Programming-wise Northants Radio underwent a subtle shift towards more upbeat contemporary and chart hits and less in the way of talk. A past slogan voiced by Eddy Temple-Morris claimed that "other radio stations talked over the end of songs, whilst we didn't- That's the Northants 96 difference". This over time evolved into the Better Music Mix of the 80s 90s and today and Today's Best Mix for Northamptonshire.

Shortly after Northants' former owner GWR Group merged with Capital Radio plc to form GCap Media in 2005, Northants 96 adopted the slogan "More music variety". In 2008, GCap Media's radio and music assets were purchased by Global Radio.

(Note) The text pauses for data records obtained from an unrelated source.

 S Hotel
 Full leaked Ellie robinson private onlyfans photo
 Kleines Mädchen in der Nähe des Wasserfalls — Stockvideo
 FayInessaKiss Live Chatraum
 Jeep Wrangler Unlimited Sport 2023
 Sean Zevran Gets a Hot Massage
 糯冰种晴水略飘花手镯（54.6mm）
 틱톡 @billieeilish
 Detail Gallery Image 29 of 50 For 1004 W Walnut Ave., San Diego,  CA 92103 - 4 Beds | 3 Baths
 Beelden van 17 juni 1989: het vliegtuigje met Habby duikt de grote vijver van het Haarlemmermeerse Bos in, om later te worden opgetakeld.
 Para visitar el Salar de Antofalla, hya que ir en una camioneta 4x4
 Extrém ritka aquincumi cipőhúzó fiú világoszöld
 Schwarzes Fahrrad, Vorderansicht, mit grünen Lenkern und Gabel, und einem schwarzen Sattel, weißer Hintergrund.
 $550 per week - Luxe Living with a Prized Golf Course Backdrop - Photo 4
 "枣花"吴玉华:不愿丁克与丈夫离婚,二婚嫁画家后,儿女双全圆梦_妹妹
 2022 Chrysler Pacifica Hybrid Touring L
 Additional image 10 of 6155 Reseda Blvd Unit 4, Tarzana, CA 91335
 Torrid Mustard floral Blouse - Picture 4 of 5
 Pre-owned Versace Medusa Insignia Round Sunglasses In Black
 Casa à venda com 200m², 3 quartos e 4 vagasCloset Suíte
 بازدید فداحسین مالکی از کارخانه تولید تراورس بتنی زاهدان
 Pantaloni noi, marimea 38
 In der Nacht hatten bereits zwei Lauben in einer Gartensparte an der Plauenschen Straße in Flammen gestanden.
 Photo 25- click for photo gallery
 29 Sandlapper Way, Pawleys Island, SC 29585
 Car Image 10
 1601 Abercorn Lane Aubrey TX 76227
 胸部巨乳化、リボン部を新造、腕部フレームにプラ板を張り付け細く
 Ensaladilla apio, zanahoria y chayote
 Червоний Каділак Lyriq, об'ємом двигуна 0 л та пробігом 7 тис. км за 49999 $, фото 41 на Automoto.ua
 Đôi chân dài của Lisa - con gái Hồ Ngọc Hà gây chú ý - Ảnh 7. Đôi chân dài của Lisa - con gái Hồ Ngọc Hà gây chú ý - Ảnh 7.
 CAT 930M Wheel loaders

===More music variety arrives===
On 5 January 2009, Northants 96 was rebranded Heart, along with Dunstable-based Chiltern Radio and other Global-owned stations in the East of England. Heart Northamptonshire reduced its weekday local output from 12 hours to seven.

On 21 June 2010, Global Radio announced plans to close Heart Northants and merge the station with Heart Milton Keynes, Heart Dunstable and Heart Bedford as part of plans to reduce the Heart network of stations from 33 to 16. The new station, Heart Home Counties (later Heart Four Counties), began broadcasting from Dunstable on 16 July 2010. Networked and local programming on the merged station are now similar, except for commercial breaks, which are still split locally. Heart's Northampton base in the town centre were closed as early as March 2011, with the station expected to be broadcast from new premises in Milton Keynes.